» TASK TO COMPLETE: What is wanted is the full listing, word for word, without its pictures.
═════ DATASET EXCERPT ═════
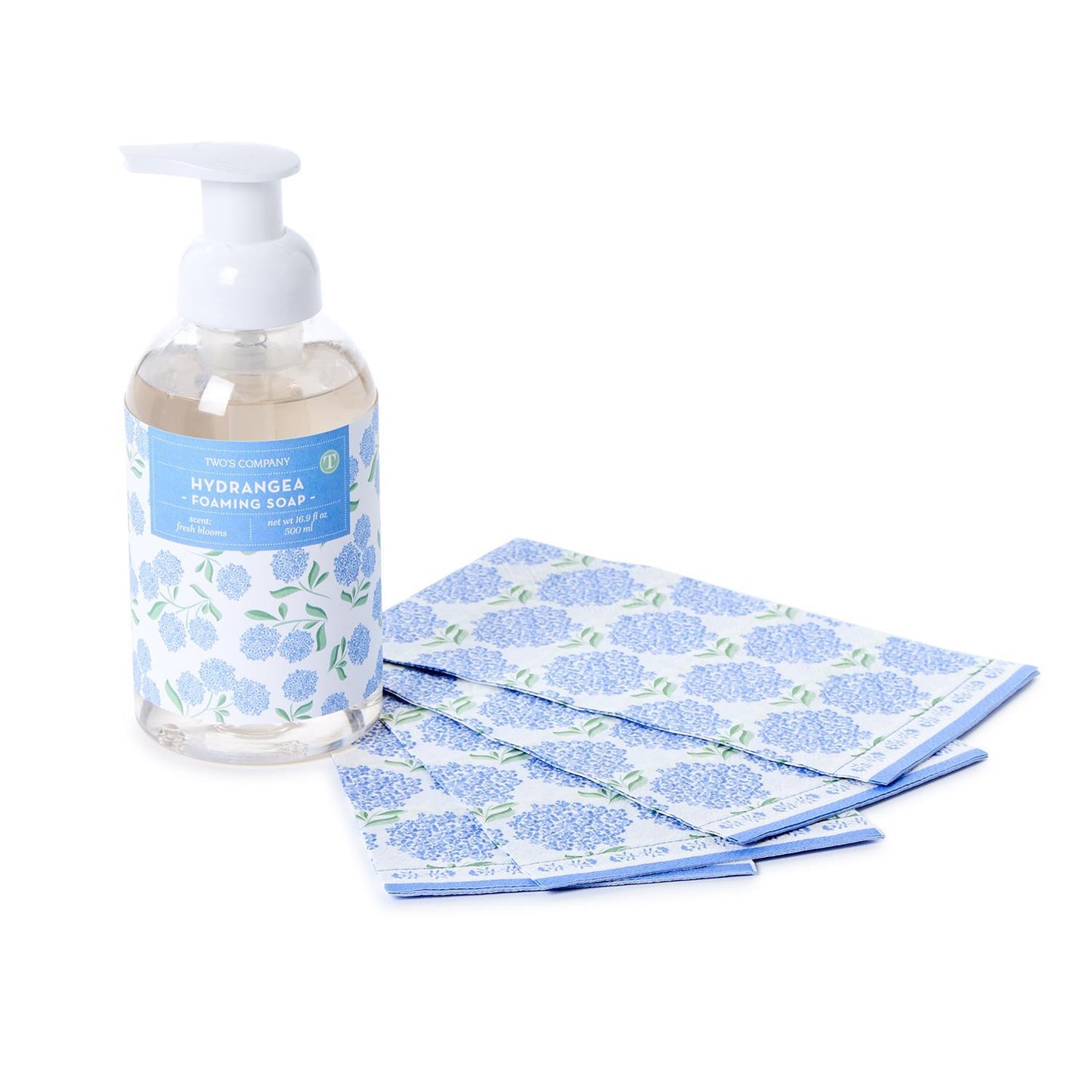 Hydrangea Flower Scented Soap with 20 PC Guest Towels Set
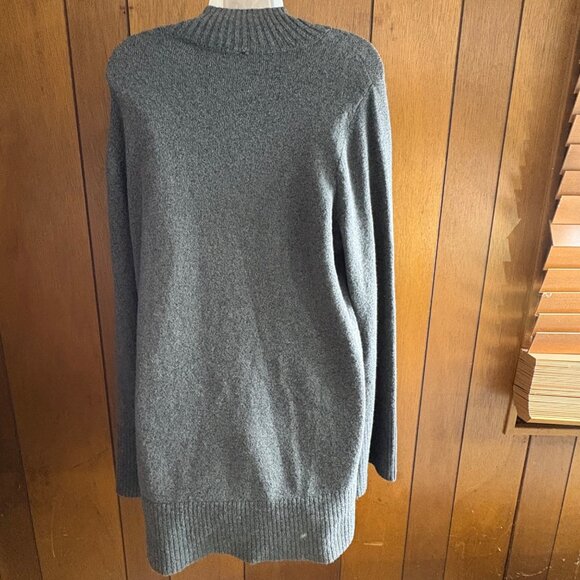 LOFT Sweater Womens L Gray Long Wide Sleeves Mock Neck Tunic Jumper Cozy Comfy - Picture 7 of 11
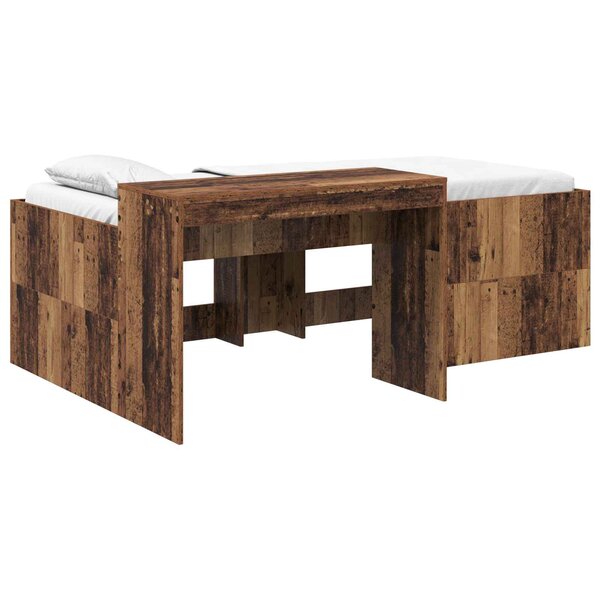 vidaXL Lit haut pour enfants avec bureau Bois ancien 75 x 190 cm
═════
» RESPONSE BOX:
 Hydrangea Flower Scented Soap with 20 PC Guest Towels Set
 LOFT Sweater Womens L Gray Long Wide Sleeves Mock Neck Tunic Jumper Cozy Comfy - Picture 7 of 11
 vidaXL Lit haut pour enfants avec bureau Bois ancien 75 x 190 cm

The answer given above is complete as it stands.